‘Core Values’

Barack Obama, Leaving on Top, Meets the Press One Last Time as President

He mostly went out of his way not to say anything that will disturb the serenity of his exit on billowy clouds of good will and a 60 percent approval rating.

NICHOLAS KAMM/Getty

For some reason we all thought it would be a good idea for me to go to President Obama’s last press conference, and for a while it all seemed great. No credential hassle, and I got waved right past a group of photographers at the gate of the White House grounds who were waiting for someone to clear their entry.

Then I got to the door of the briefing room, on a driveway that sweeps down below ground level and leads directly into the room you see on TV all the time. There was, of course, no way to get in. And I wasn’t late. I was pretty early. You walk a little farther down that driveway, toward the center of the building, and there’s another door that leads to where the press hangs their coats and to the cubicle areas. “Two-minute warning” eventually came over the speakers. So I listened from there, from what looked to be a Bloomberg desk.

It lasted almost exactly one hour, an hour during which the President made no actual news that I could hear. Inevitably, Chelsea Manning was the first question, and Obama, equally inevitably, answered methodically, in as dull a way as he possibly could. I don’t mean that as a put-down. Quite the contrary. America, or most of it, is going to come to miss that dull very soon. Her sentence, Obama said, was “very disproportionate to what other leakers had received”; he went on a bit longer and concluded by saying that he was confident that “justice has been served and a message still has been sent” to potential future Mannings, in that she has served four years.

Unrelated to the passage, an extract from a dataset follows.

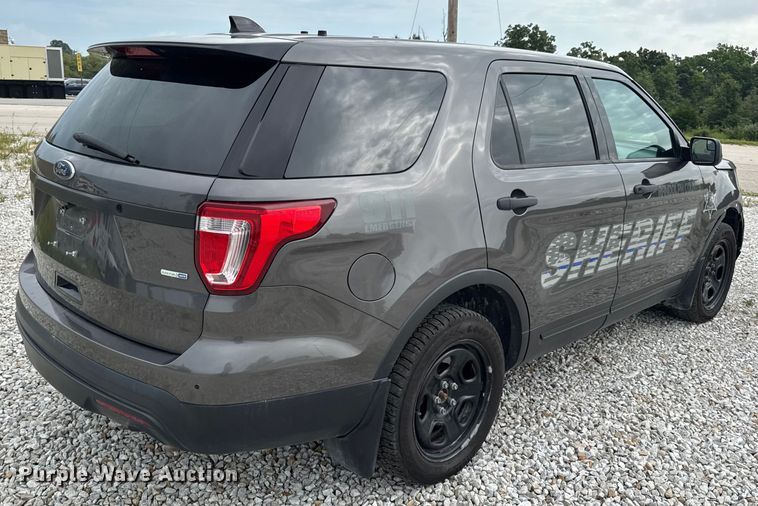image for item DW3463 2017 Ford Explorer Police Interceptor SUV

He mostly went out of his way not to make news, not to say anything that will disturb the serenity of his exit two days hence, on billowy clouds of good will and a 60 percent approval rating. Someone asked him what he thought about the Democratic House members boycotting the inauguration. Not gonna comment. “I’ll be there, and so will Michelle.” Conversations with Trump? Not gonna comment. “Cordial.” Although he did add, and this qualifies as cheeky by Obama’s droll standards: “I have told him, ‘This is a job of such magnitude you can’t do it by yourself.’”

If there was news, it wasn’t about Manning, and it was delivered only between the lines. I think Obama made it crystal clear in this press conference that he’s going to stay on the scene and in the arena. Someone asked him about his future plans. After “do some writing” and “spend time with my girls,” he countered himself: “But as I’ve said, I’m still a citizen.”

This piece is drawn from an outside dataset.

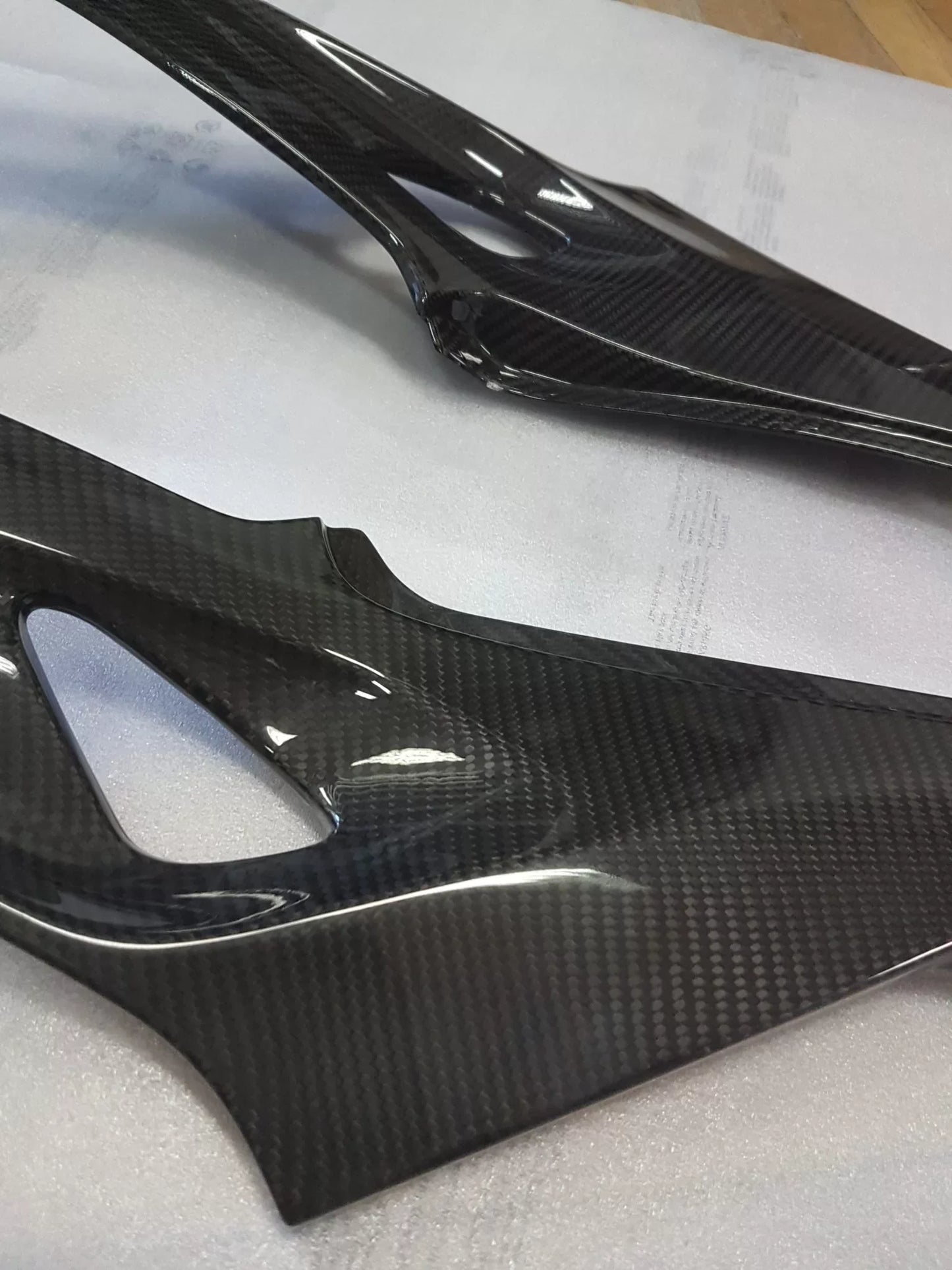 BMW S 1000RR 2015-2018 Carbon Fiber Side Tank Panels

Then he launched into a little disquisition laying out the kinds of things that would compel him to speak out. He distinguished here between “the normal functioning of politics” on the one hand versus, on the other, “certain issues or certain moments where our core values are stake.” He enumerated four that he would perceive as the latter and that would make him inclined to “speak out”: situations where discrimination is being “ratified” (interesting and slightly unexpected word) by some law or action; where obstacles were put up to the right to vote; where “institutional efforts” were made to silence dissent or the press; and where efforts were undertaken “to round up kids who’ve grown up here and are in essence American kids and send them someplace else.”

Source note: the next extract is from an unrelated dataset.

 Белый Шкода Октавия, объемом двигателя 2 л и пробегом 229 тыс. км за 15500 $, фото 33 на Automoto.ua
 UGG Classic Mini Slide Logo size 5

This is interesting because Donald Trump and the Republicans are certain to do the first two, very likely to do the third, and kinda likely to do the fourth. So if Obama’s true to his word, he’s likely to be doing a lot of talking.

The last question went to Christi Parsons, who’s been covering him since he was in the Illinois state house. Gave the whole thing a kind of wistful feel. The question was about how he and Michelle had spoken to their daughters about the election. Obama said he was talking about his daughters, but one couldn’t help but feel he was really talking about himself: “They don’t mope. They don’t feel that somehow America has rejected them or rejected their values.”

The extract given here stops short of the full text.